Lewis Hamilton will start the Spanish Grand Prix from pole position after comprehensively seeing off his rivals in qualifying at the Circuit de Barcelona-Catalunya on Saturday.
It’s the 32-year-old’s 64th career pole and his third of the season, having already started at the front in Melbourne and Shanghai. It’s an important return to form after losing out to Valtteri Bottas in Bahrain and Sebastian Vettel in Sochi.
Both Mercedes drivers had put in a dazzling pair of laps at the start of the final round of qualifying. Hamilton’s opening gambit was timed at 1:19.149s which was almost three seconds faster than last year’s pole time and a quarter of a second clear of Bottas.
The first runs of both Ferrari drivers were also sub-1:20s, as was that of Red Bull’s Max Verstappen. However his team mate Daniel Ricciardo was half a second off the leaders. He was the slowest of the six drivers to make two runs in Q3.
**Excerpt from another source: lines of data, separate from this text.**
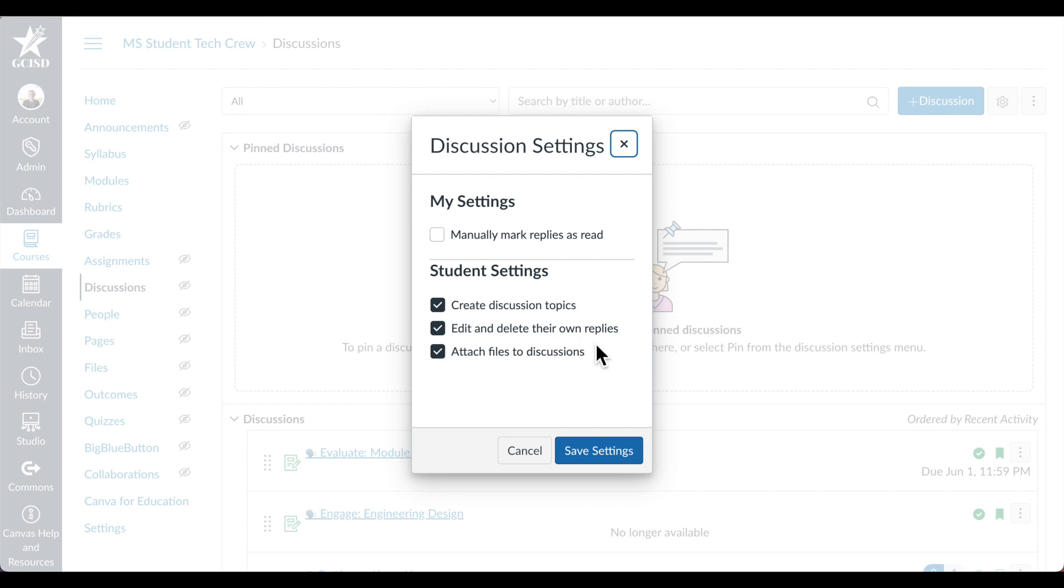Under Student Settings, you can allow students to create discussion topics of their own, edit and delete their own replies, and attach files to discussions. This is great for creating robust discussions among students in Canvas.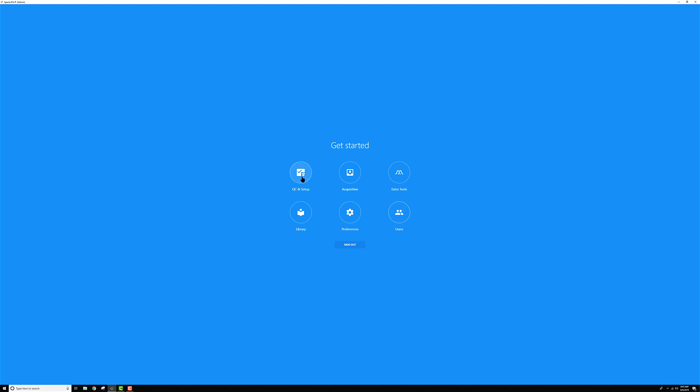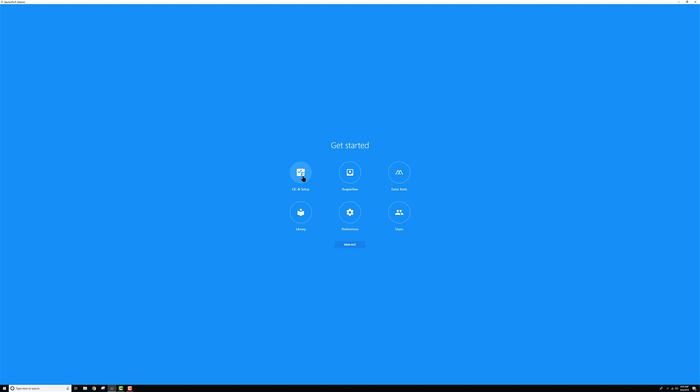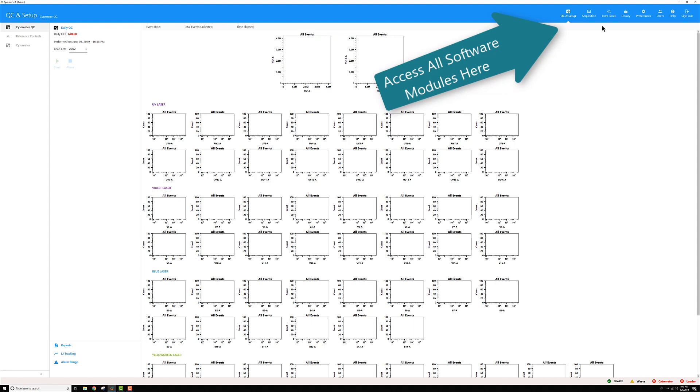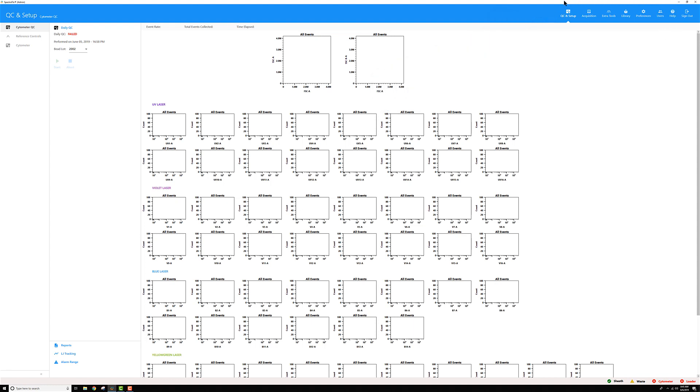So let's go ahead and open one of these up. We'll go to QC and setup first. Now when the page loads, you can see the way things are organized in the software. Those six modules are always going to appear in the top right of the software here.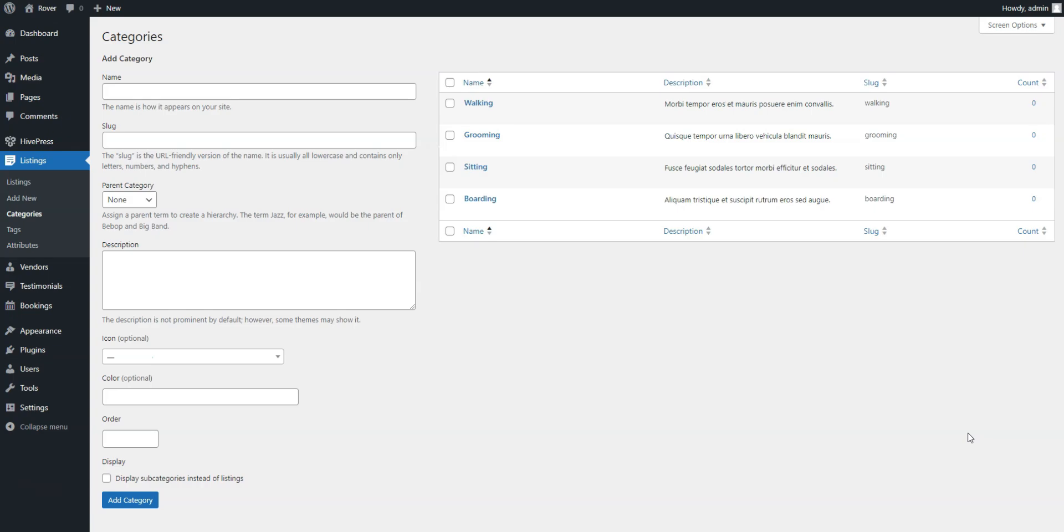Now, we'll create custom fields to collect and display specific information about each pet care service and its provider. By default, listings include only title and description fields, but HivePress allows you to add as many custom fields and search filters as you need.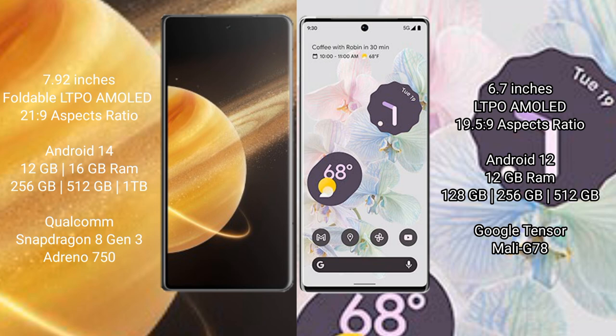Honor Magic V3 comes with 16GB RAM and 256GB, 512GB, 1TB internal storage, Qualcomm Snapdragon 8 Gen 3 processor, Adreno 750 GPU. Google Pixel 6 Pro comes with 12GB RAM and 128GB.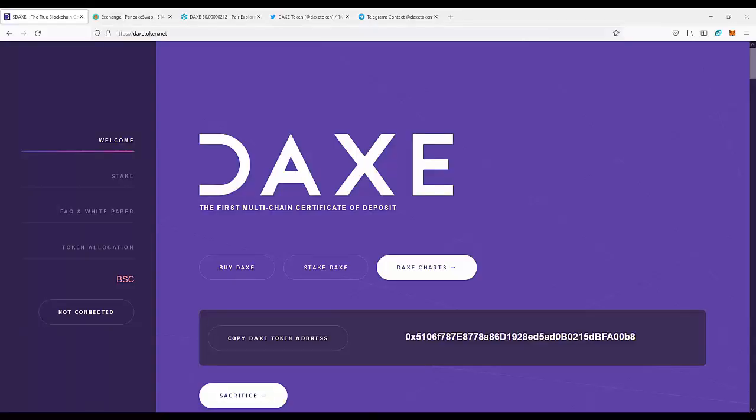Hello guys, today we are going to talk about a realistic project, this is DAXE. But before I start, a small disclaimer: I'm not a financial advisor and you should do your own research and invest only money you can afford to lose.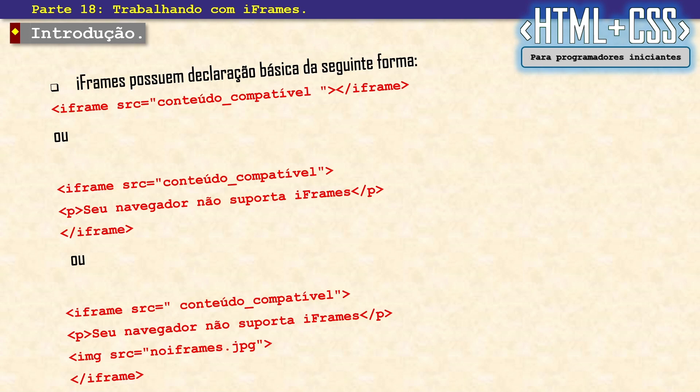Posso também colocar um aviso lá pra pessoa informando que o navegador dela não suporta o iframe, caso ele não suporte. Os navegadores atuais todos suportam o iframe. Outra forma também é mostrar um aviso pra pessoa que o navegador não suporta o iframe e colocar lá um alerta em texto e de repente uma imagem informando. Isso aí é uma declaração simples.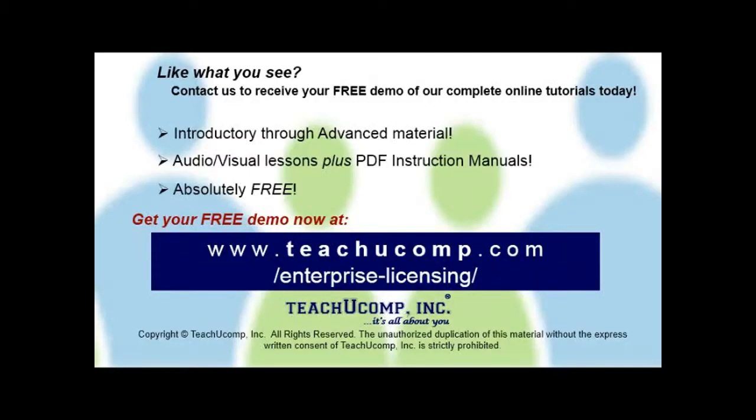Like what you see? Get a free demo of our training for groups of 5 or more at www.teachucomp.com/enterprise-licensing.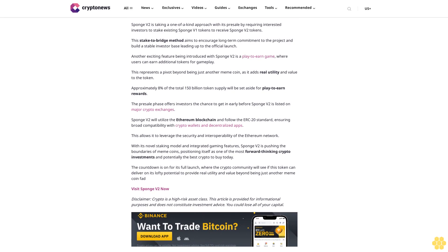Staking and gaming features set Sponge V2 apart as the best crypto to buy today. The ongoing presale of the Sponge V2 token has been causing quite a stir in the cryptocurrency community. Sponge V2 is the successor to Sponge V1, a meme coin that became wildly popular in 2023 when it achieved a market cap of over $100 million during the crypto bear market. Sponge V2 is taking a one-of-a-kind approach with its presale by requiring interested investors to stake existing Sponge V1 tokens to receive Sponge V2 tokens. This stake-to-bridge method aims to encourage long-term commitment to the project. Another exciting feature being introduced with Sponge V2 is a play-to-earn game where users can earn additional tokens for gameplay.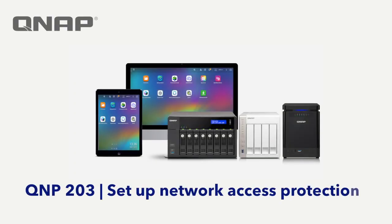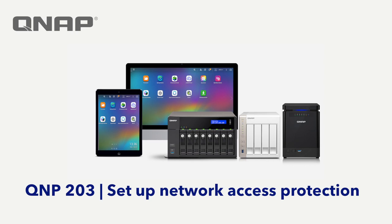The QNAP NAS includes many features that allow you to enhance your security and protect your data. Enabling network access protection is one of the most effective ways to keep a secure environment and meet the challenges of network attacks.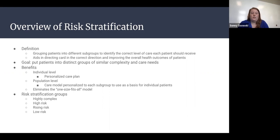The common risk stratification groups are: the low-risk group, where you're healthy or have minor complications that don't take much effort to treat; the rising risk or medium risk, where you have one or two risk factors that need to be controlled; and high risk, where you have one or more chronic illnesses or risk factors that need a bit more attention than rising risk.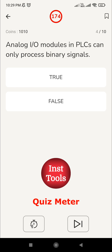Fourth question: analog IO modules in PLC can only process binary signals - zeros and ones. Analog IO modules handle continuous signals such as pressure, temperature, voltage, and current. They deal with continuous signals, not binary values. If you want to handle binary or digital signals, you need to use a digital IO module. So the given statement is false.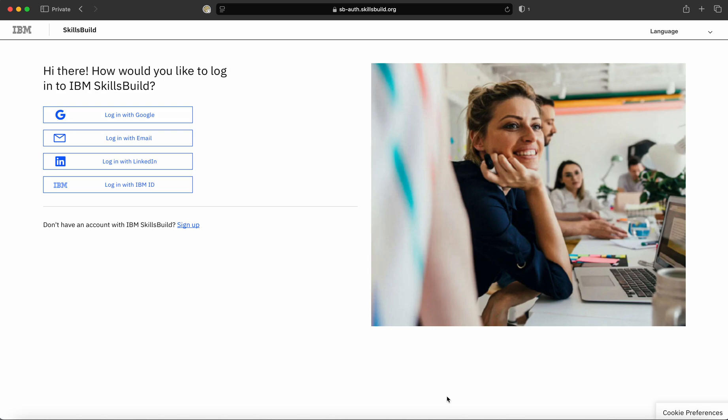In the last session, we learned how to create an account on the SkillsBuild portal. In this video, we are going to learn how to enroll for various courses on SkillsBuild portal.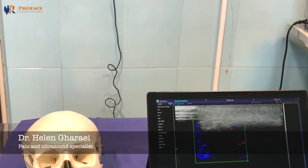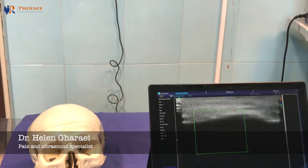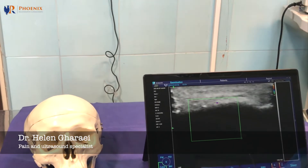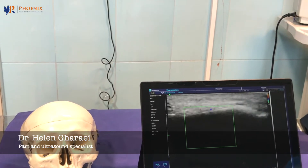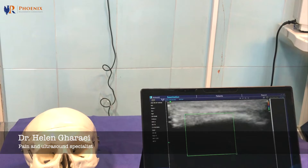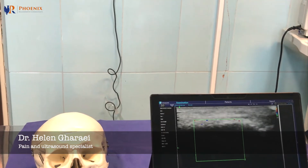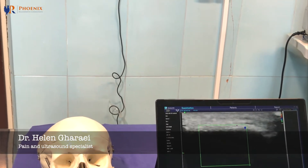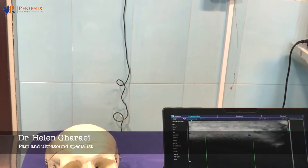Then move the probe more medially to see the notch. In the notch you will see the pulse of the supraorbital artery. You should not put too much pressure because the vessels are very superficial.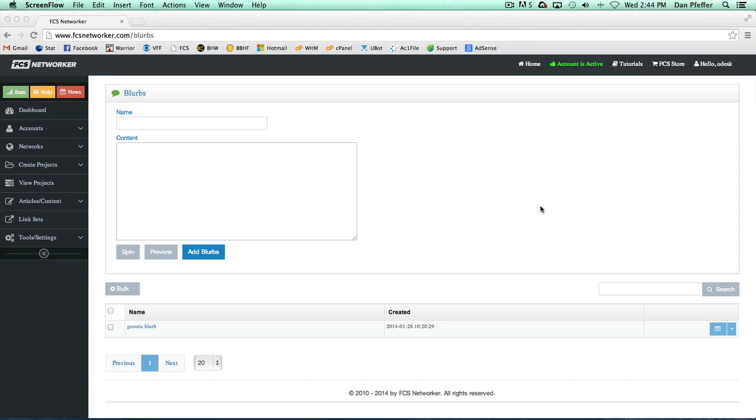All your saved blurbs will be on this page, and if you want to add blurbs before creating a project, you can do it from this page.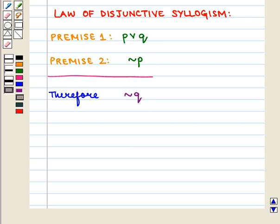In this session we have discussed the law of detachment, law of syllogism, law of contraposition, and law of disjunctive syllogism. This completes our session. Hope you enjoyed this session.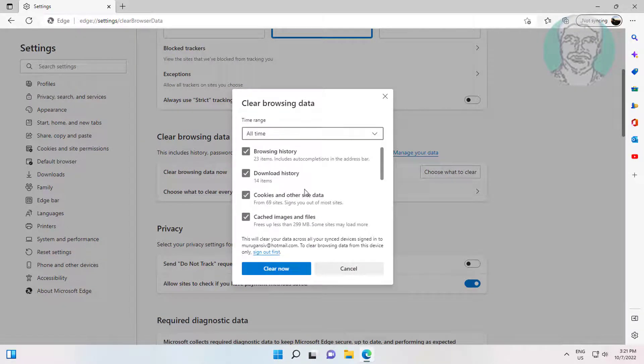Select all times, check cookies and other site data and check cached images and files. Click clear now.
Hamilton was subsequently unable to improve his time with his final run. However, Vettel’s second run leap-frogged the Ferrari ahead of Bottas for second place, missing out on pole by just half of a tenth of a second.
An impressive lap from Fernando Alonso gave McLaren a much needed boost before the Spanisard’s adoring home crowd. The two-time world champion is set to start from seventh place alongside Force India’s Sergio Perez.
Williams’ Felipe Massa and Perez’ teammate Esteban Ocon will line up on the fifth row for the start of tomorrow’s race.
SCARE FOR VETTERL AT START OF Q1
The 2.5s performance advantage meant that everyone was straight onto the soft compound tyres at the start of qualifying. Lewis Hamilton’s sole contribution of Q1 clocked in at 1:20.511s to ensure he progressed to the second round ahead of Raikkonen.
Vettel was one of the first cars out after Ferrari completed a precautionary engine change on the car in the interval since FP3. Despite an early scare where it seemed he would have to park the car, Vettel posted a time of 1:20.939s to make sure he also made it through.
After an overnight electrical problem and a morning water leak forced him to revert to an old power unit, Bottas was fourth fastest in the opening round ahead of Verstappen and Ricciardo. Haas’ Romain Grosjean recovered from a spin at turn 14 early in Q1 to go seventh with his second run. That put him eight hundredths ahead of Ocon, with Toro Ross’s Carlos Sainz close behind.
Sauber’s Pascal Wehrlein made it through to Q2 by just five thousandths of a second ahead of his team mate Marcus Ericsson, who was the first driver in the drop zone. After a strong performance in Friday practice, Jolyon Palmer was disappointed to find himself eliminated along with Williams’ Lance Stroll, McLaren’s Stoffel Vandoorne and an atypically sluggish Daniil Kvyat in the second Toro Rosso.
GROSJEAN’S PROBLEMS AT TURN 14 CONTINUE
Once again, Hamilton needed only a single lap of 1:20.210s to take care of business in Q2. By comparison Bottas locked up and ran wide in turn 1 on his first flying lap, and was forced to run a put more wear on his race tyres to put in a lap just under a tenth off his team mate.
Bottas was deposed from second by Vettel, with Raikkonen laying claim to fourth ahead of the Red Bulls of Verstappen and Ricciardo by the midway point. The top six all felt safe enough to to stay in the garage as the clock counted down. They would be joined in Q3 by Ocon and his team mate Perez, with Massa also making it into final round.
A flurry of flying laps ended with some much needed cheer for McLaren as Fernando Alonso succeeded in making it through to Q3 in tenth place. Neither Haas progressed, with Grosjean’s final flying lap once again ending up in a mess going into turn 14. Also eliminated as the chequered flag came out were Hulkenberg and Wehrlein.